I uploaded my ceph-osd and the massif output to cephdrop. The filename is corin.tar.gz.

md5sum /usr/bin/ceph-osd
f3e762a608b2bedaea1b9baf4066cedf /usr/bin/ceph-osd

md5sum massif.out.14535
6030beeaf2232a8f7e71502583fac6c5 massif.out.14535

md5sum corin.tar.gz
83e1aba34fb700ab9f4a4dbcaf395a47 corin.tar.gz

To me it looks like a startup problem, as the process grows that much before even joing the cluster?

#13 Updated by Corin Langosch over 10 years ago

Looks like ceph is reading the whole log file (1GB) in memory and not freeing it again?

#14 Updated by Corin Langosch over 10 years ago

Looks like ceph is reading the whole log file (1GB) in memory and not freeing it again?

#15 Updated by Corin Langosch over 10 years ago

I jus thought recreating the journal would help, but I didn't help at all.

kill osd.12
/usr/bin/ceph-osd -i 12 --flush-journal
/usr/bin/ceph-osd -i 12 --mkjournal
restart osd.12

Memory usage is as high as it was with the old journal :-(

#16 Updated by Sage Weil over 10 years ago

Corin Langosch wrote:

I jus thought recreating the journal would help, but I didn't help at all.

kill osd.12
/usr/bin/ceph-osd -i 12 --flush-journal
/usr/bin/ceph-osd -i 12 --mkjournal
restart osd.12

Memory usage is as high as it was with the old journal :-(

It's a different log than the journal.

Try reducing these by a factor of 10:

osd_min_pg_log_entries = 3000
osd_max_pg_log_entries = 10000

so, 300 and 1000. note that it will not be able to trim until after it peers, and it is controleld by the primary, so all osds will need to restart with that setting. once it does trim, the heap isn't always freed back to the OS, but after a second restart (of a single osd) i think you will see it's memory utilization goes down.

The memory utilization is basically num_pgs * num_log_entries, and the log entries only appear after you've done lots of write activity. i think this is why you don't see usage go up when you create a new pool.

#17 Updated by Corin Langosch over 10 years ago

Do these settings affect data safety in any way? The cluster is an important production one, so I cannot really play around with it. Probably we could combine it with the upgrade of the cluster to latest dumpling, when the next point release is out (if it contains all fixes for the reported slowdows since cuttlefish)?

From the docs osd_min_pg_log_entries is 1000 by default (not 3000?). I couldn't find osd_max_pg_log_entries in the docs. How can I check the values my cluster is currently using?

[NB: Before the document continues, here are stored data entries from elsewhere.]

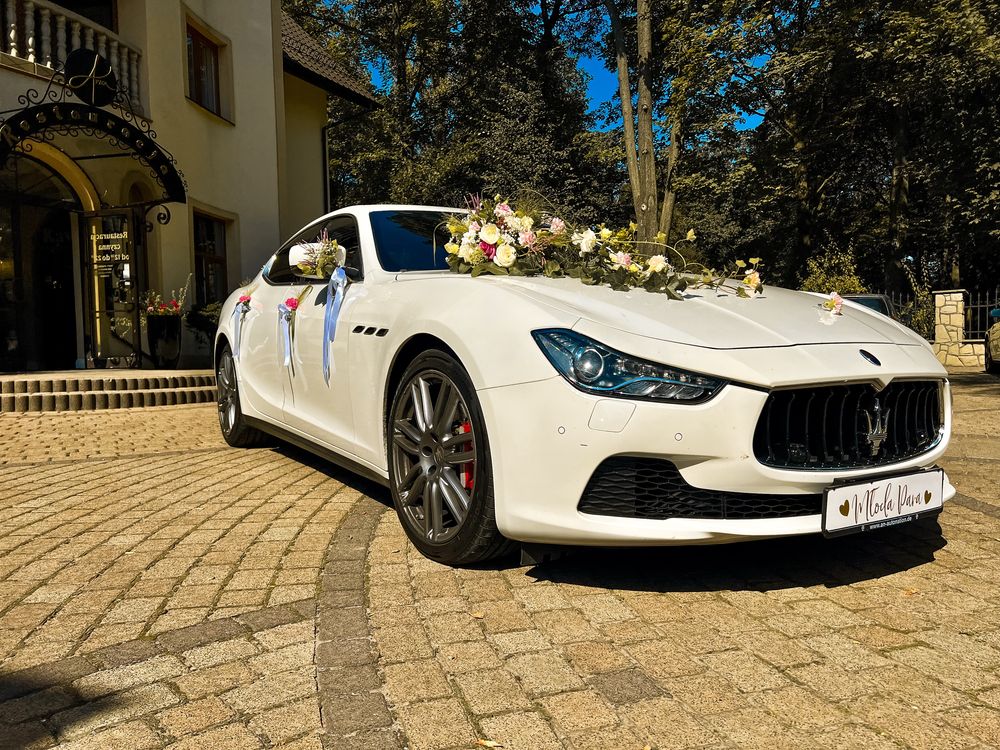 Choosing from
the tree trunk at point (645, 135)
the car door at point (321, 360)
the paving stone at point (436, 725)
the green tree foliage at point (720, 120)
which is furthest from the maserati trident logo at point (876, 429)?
the tree trunk at point (645, 135)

But still, I really wonder why ceph needs to read that much information on startup? Can't this be greatly reduced? Why isn't the memory freed as soon as it's not needed anymore - shouldn't this be fixed as well? If we had an osd binary with these fixes I'd be happy to give it a try on a single osd.

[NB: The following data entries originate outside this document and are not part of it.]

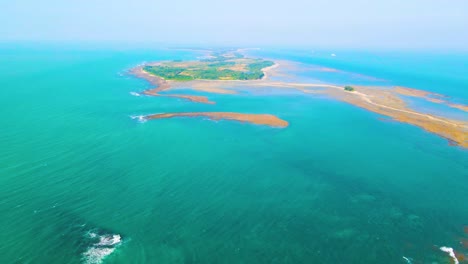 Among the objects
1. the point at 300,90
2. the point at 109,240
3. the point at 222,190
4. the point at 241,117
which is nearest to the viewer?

#18 Updated by Corin Langosch over 10 years ago

BTW, would be nice if this issue would be re-opened. I cannot do this.. :(

#19 Updated by Sage Weil over 10 years ago

  • Status changed from Can't reproduce to 7
  • Assignee changed from David Zafman to Sage Weil

Corin Langosch wrote:

Do these settings affect data safety in any way? The cluster is an important production one, so I cannot really play around with it. Probably we could combine it with the upgrade of the cluster to latest dumpling, when the next point release is out (if it contains all fixes for the reported slowdows since cuttlefish)?

From the docs osd_min_pg_log_entries is 1000 by default (not 3000?). I couldn't find osd_max_pg_log_entries in the docs. How can I check the values my cluster is currently using?

But still, I really wonder why ceph needs to read that much information on startup? Can't this be greatly reduced? Why isn't the memory freed as soon as it's not needed anymore - shouldn't this be fixed as well? If we had an osd binary with these fixes I'd be happy to give it a try on a single osd.

They don't affect data safety. They do need to be high enough to cover a reasonable window of activity as the log is used to prevent resent ops (i.e., after a client is temporarily disconnected or the data mapping changes) from being reapplied. Longer logs also expand the window during which an OSD can be down and come back up and rejoin without doing a full backfill/sync on its data.

Can you verify that lowering these values reduces your memory consumption?

#20 Updated by Sage Weil over 10 years ago

Also, massif should have generated a report file that indicates which callers are allocating all of the memory. Can you attach that? THanks!

#21 Updated by Corin Langosch over 10 years ago

For testing I'd like to wait for for the next dumpling release (hopefully with fixed http://tracker.ceph.com/issues/6040). I'll then restart the whole cluster with the new settings (osd_min_pg_log_entries = 100 and osd_max_pg_log_entries = 1000). Is this ok for you?

There was no report file, only one with extension massif. But I'll double check after upgrading and testing again.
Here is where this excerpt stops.